Powell calls on three-years-overdue Weeds Report to be released

1 November 2019

The LNP is demanding the Palaszczuk Labor Government release its report on the impact of invasive weeds – three years after the inquiry was launched.

Member for Glass House, Andrew Powell MP, has received so many complaints about noxious weeds from across the electorate that he recently invited Shadow Minister for Agriculture Tony Perrett on a ‘weeds tour’.

Mr Powell and Mr Perrett have urged the Government to stop burying the report and come clean on its failure to manage invasive weeds.

“Every rural Queenslander knows this problem is out of control, so the Government should stop the cover-up and release the report,” urged Mr Powell.
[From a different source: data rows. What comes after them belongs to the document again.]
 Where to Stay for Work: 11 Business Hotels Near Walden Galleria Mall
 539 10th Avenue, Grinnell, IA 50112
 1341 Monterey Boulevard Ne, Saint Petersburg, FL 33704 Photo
“After three years, we need to see the facts.  This Government’s culture of secrecy is causing headaches for farmers and residents alike,” stated Mr Perrett.
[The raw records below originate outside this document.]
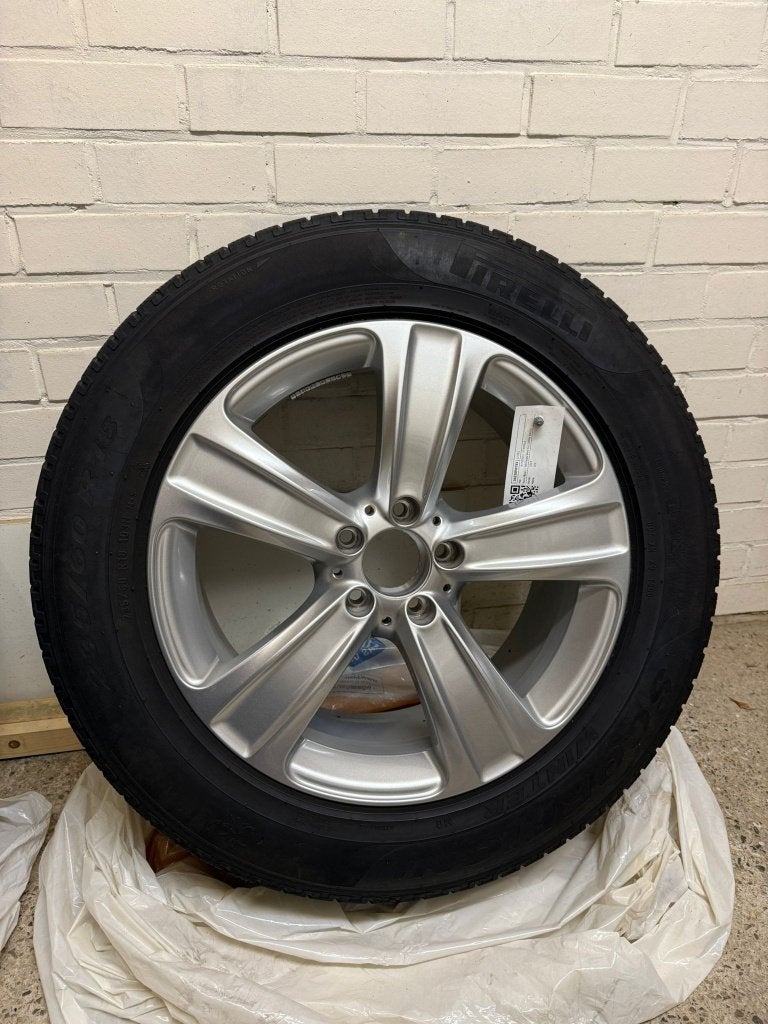 Originele mercedes GLC velgen met winterbanden, Auto-onderdelen, Banden en Velgen, Ophalen, Gebruikt, Velg(en), Winterbanden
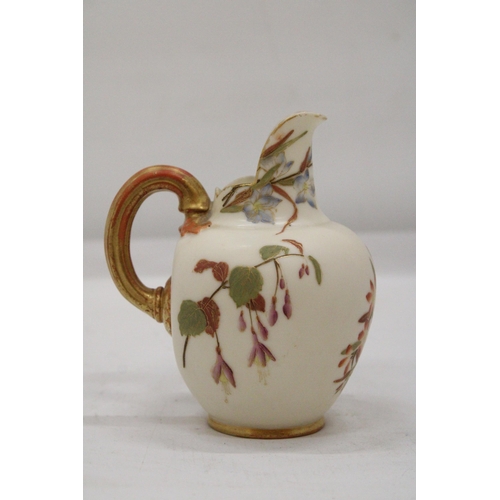 118 - A ROYAL WORCESTER PORCELAIN HAND PAINTED PITCHER JUG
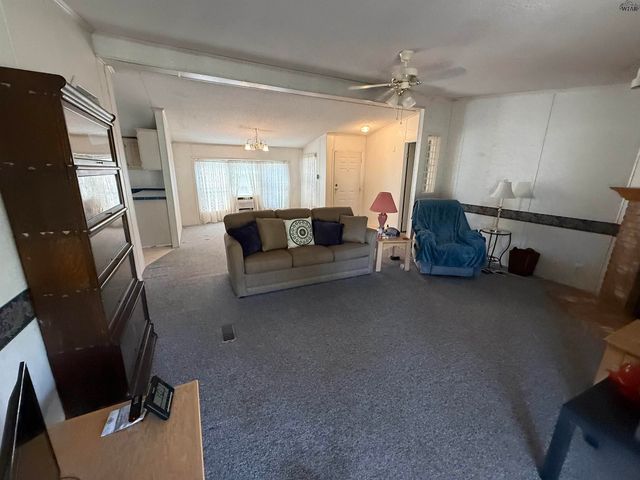 304 N BELMONT AVENUE, Petrolia, TX 76377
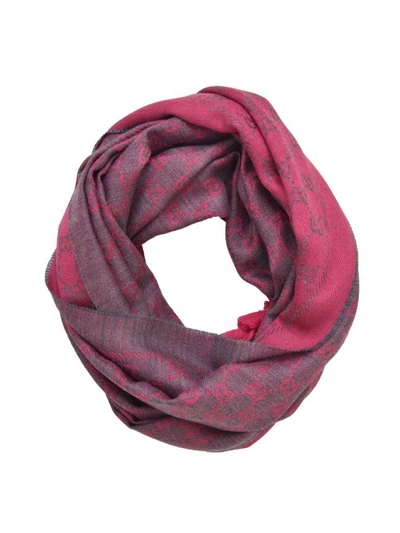 Shop Gucci Gg Jacquard Wool Scarf In Grigio-fucsia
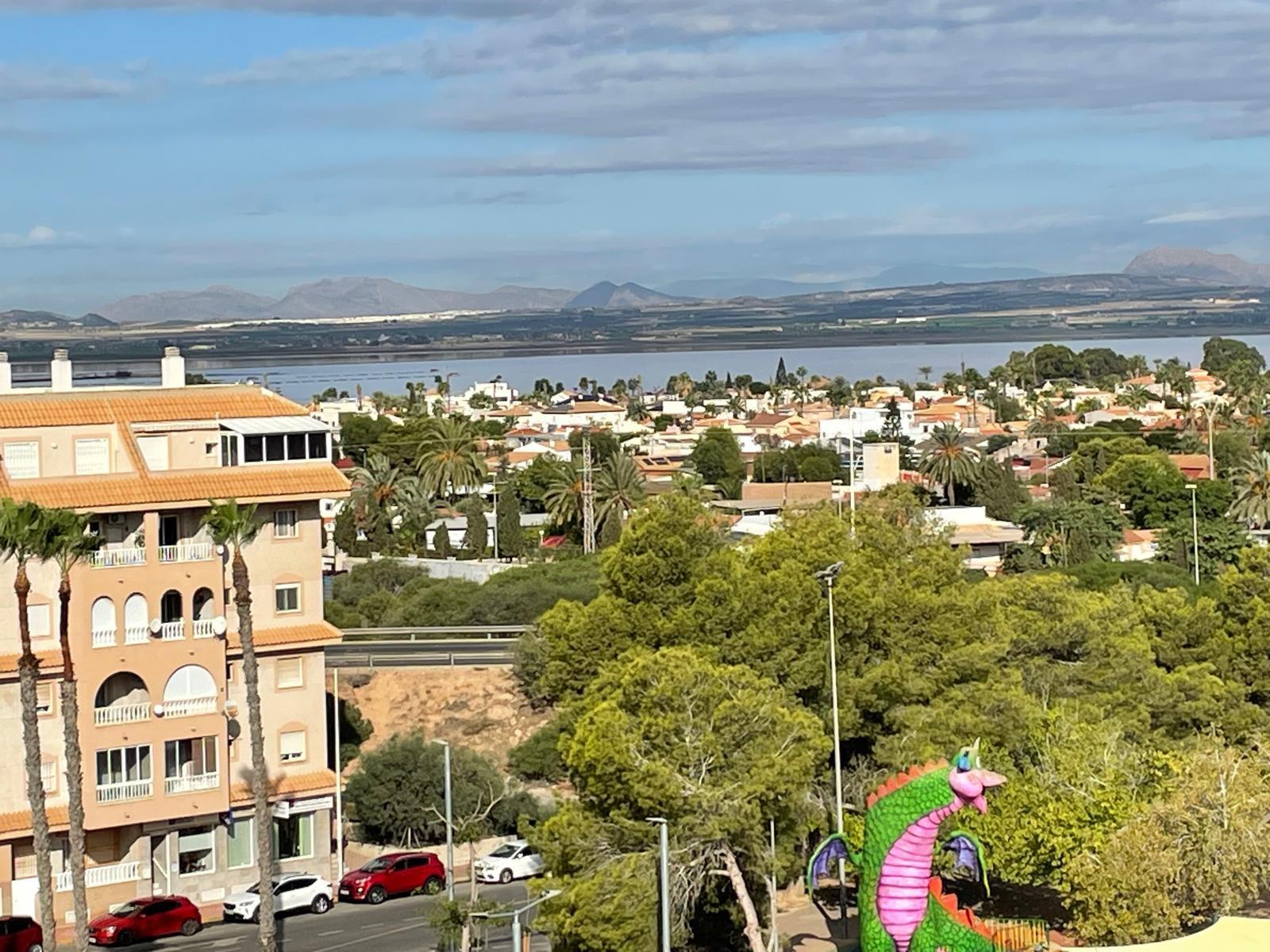Charming Apartment in Torrevieja – Parque de las Naciones 🌞 2 bedrooms 1 bathroom with pool and garage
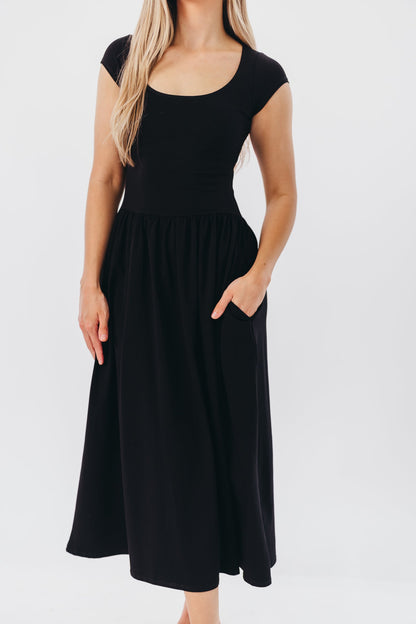 Larissa Short Sleeve Knit Midi Dress in Black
Mr Powell and Mr Perrett met with Ms Ellen Adriaansen, a member of the Woodford Lions and a driving force behind the “Weed Free Woodford” initiative on site at Delaneys Creek.

“Council struggles to do anything about the weeds unless you complain.  And who wants to complain about your neighbour?” stated Ms Adriaansen.

“It isn’t really their fault, the current state legislation around weeds lacks both the incentives and penalties to encourage good weed management,” Ms Adriaansen continued.

“Ellen is right.  Parts of the current weed laws are not being enforced and some are simply too soft – they aren’t stopping the spread of these weeds that impact on the profitability and productivity of our rural lands,” agreed Mr Perrett.

The weeds are also impacting on our National Parks and tourism across popular drive destinations like the D’Aguilar and Blackall Ranges.

Mr Powell and Mr Perrett also met Ocean View local Linda Kalle who has declared war on Celtis Sinesis, also known as Chinese Elm.

“Chinese Elm spreads quickly and grows in to a large, deciduous tree 10 to 30 metres tall.  It’s invasive, unsightly and destructive to our natural environment.  Any suggestion it has become “naturalized” in to our native landscape is an appalling failure,” stated Mrs Kalle.

“We need to get tough on these weeds!” she continued.

“It’s great to see the community so active in weed removal, but ultimately it’s not just their job.  Managing noxious weeds is an important part of the Minister for Agriculture’s portfolio, one which he is unfortunately forsaking,” said Mr Perrett.

The inquiry into noxious weeds was instigated in November 2016 and public hearings began in April 2017.

Mr Perrett wrote to the Labor chair of the State Development, Natural Resources and Agricultural Development Committee in March this year to request the finalisation of the inquiry and in April the chair replied he ‘would soon be able to organise a release date’. It is now seven months later, and a date is yet to be set.

“Invasive weeds may not be a problem in his densely populated urban electorate, but out in regional areas they are damaging agriculture and tourism – our most important industries – not to mention the broader environment,” said Mr Perrett.

“I know the Government has a poor work ethic, but surely even they can complete and release this report in three years.  We need the report so we can start making the legislative changes needed.  We need to start winning this war on weeds,” concluded Mr Powell.